Si la longue suite que représente Equal Crossing est en elle-même splendide, il y a sur ce disque un travail de répartition de la masse sonore entre les membres du quartet qui relève de la sorcellerie. De façon surprenante, les rôles des claviers de Bruno Angelini, de la guitare de Marc Ducret et du violon sont interchangeables. L’écriture est donc servie à parts égales par les trois musiciens, qui entrelacent des riffs complémentaires autour d’une même trame, multipliant par là même la force de ces tourneries sur lesquelles les solistes peuvent aisément se dégager puisque leur fonction reste assurée par deux autres instruments. Il découle de cette démarche une forte impression d’opulence, peu courante sous cette forme dans le jazz. Cette démarche de production semble plus héritée du rock ou de la soul, mais ici transposée dans l’univers personnel d’Huby, qui parvient à faire une synthèse toute personnelle des influences multidirectionnelles qui le nourrissent.

Le disque allie donc le jeu, que les remarquables improvisateurs dont il s’est entouré développent avec gourmandise, et le soin porté aux détails de forme, à la plastique d’un son d’ensemble idéalement spatialisé tout en restant organique. Les rythmes et fantaisies percussives de Michele Rabbia s’inscrivent eux aussi dans cet équilibre, avec pour le batteur-percussionniste un recours pertinent aux effets lui permettant de disposer çà et là quelques tintements et dispositifs percussifs oniriques en complément d’une pulsation qu’il entretient avec élégance selon les besoins des parties jouées.
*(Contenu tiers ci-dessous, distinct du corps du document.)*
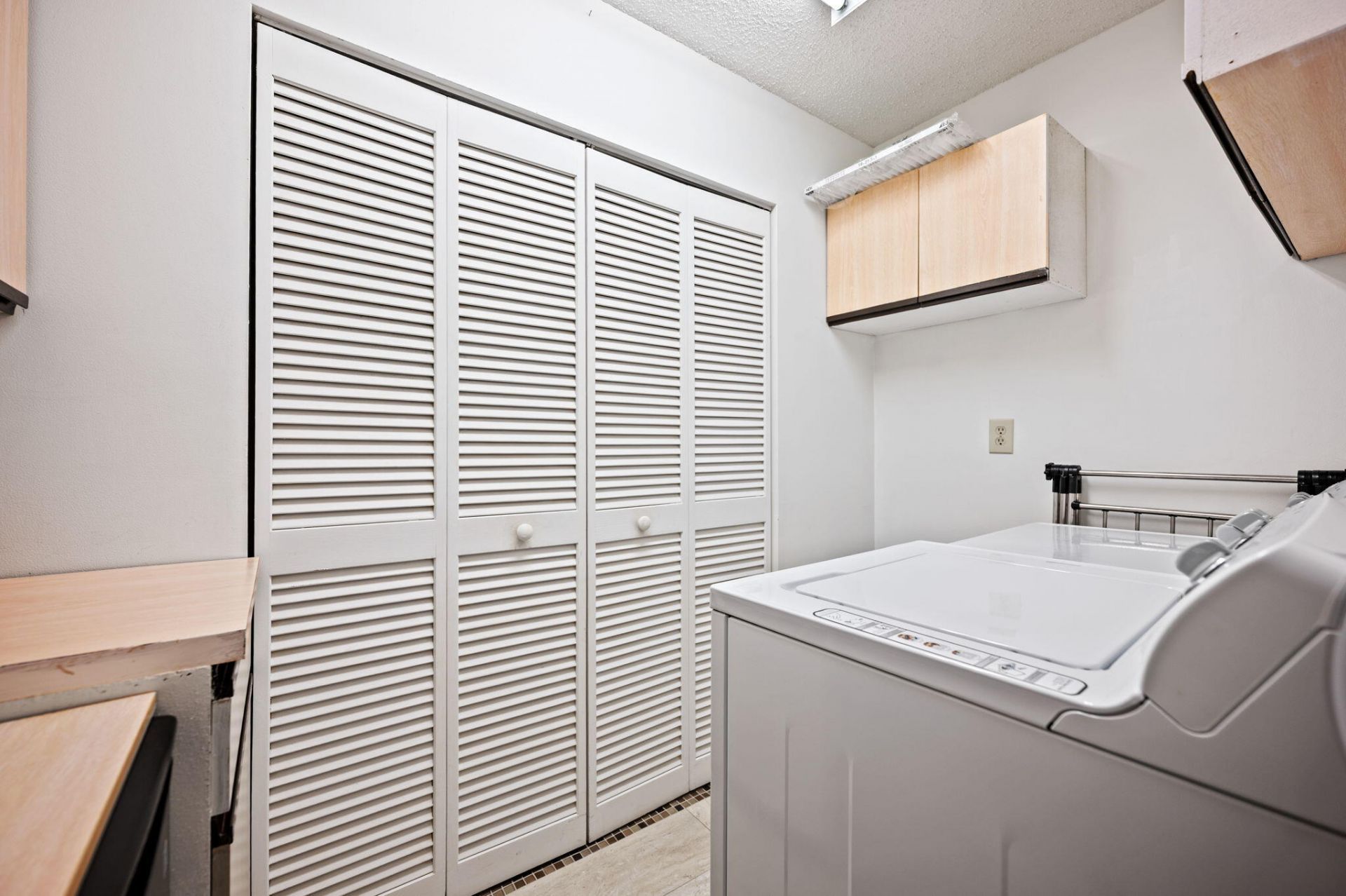4940 E Sabal Palm Boulevard, Unit Ph8, Tamarac, FL 33319 Photo
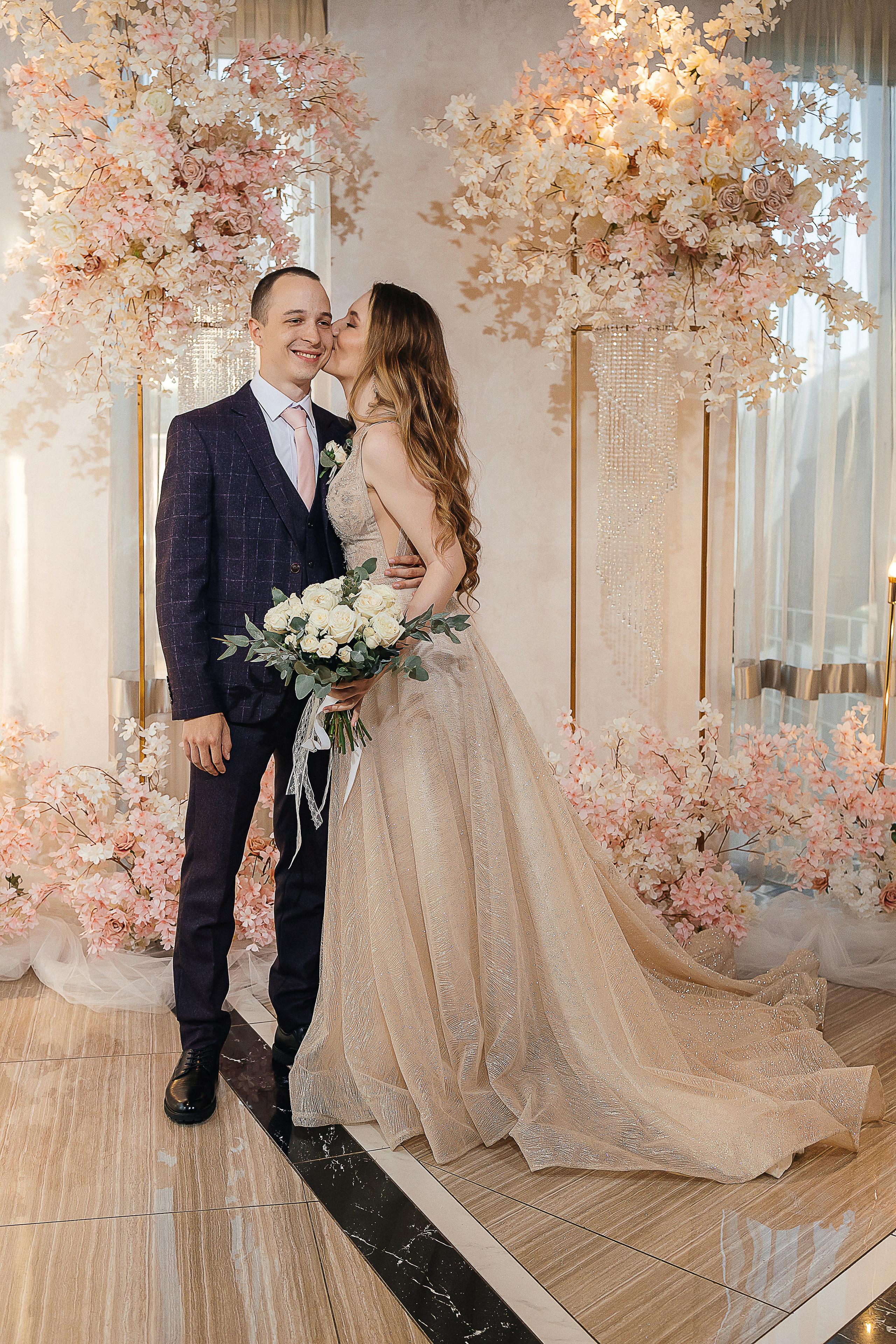 Роскошная выездная церемония в отеле. Олег Сверчков | Свадебный фотограф Вологда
On retrouve au long de ce voyage sonore les modes de jeu par lesquels le violoniste aime à exprimer sa musique. Il y a ces parties atmosphériques, tout en délicatesse, où la moindre intervention, d’où qu’elle vienne, est un poème à elle seule. Ces lentes montées en puissance où les motifs répétitifs font office de rampes de lancement, et les épisodes relâchés, ici souvent portés par des dynamiques explicites, avec des grooves entêtants et des envolées collectives épiques. Faite d’inspirations et d’expirations, comme une respiration vitale, la musique cinématique du quartet est tout simplement magnifique ; il faut l’écouter, et aussi aller l’écouter. Car si le studio sied aux intentions esthétiques du violoniste, le quartet parvient, allez savoir par quel miracle, à déployer en live un éventail également étendu de moyens expressifs, et une gamme tout aussi large de sonorités magiques.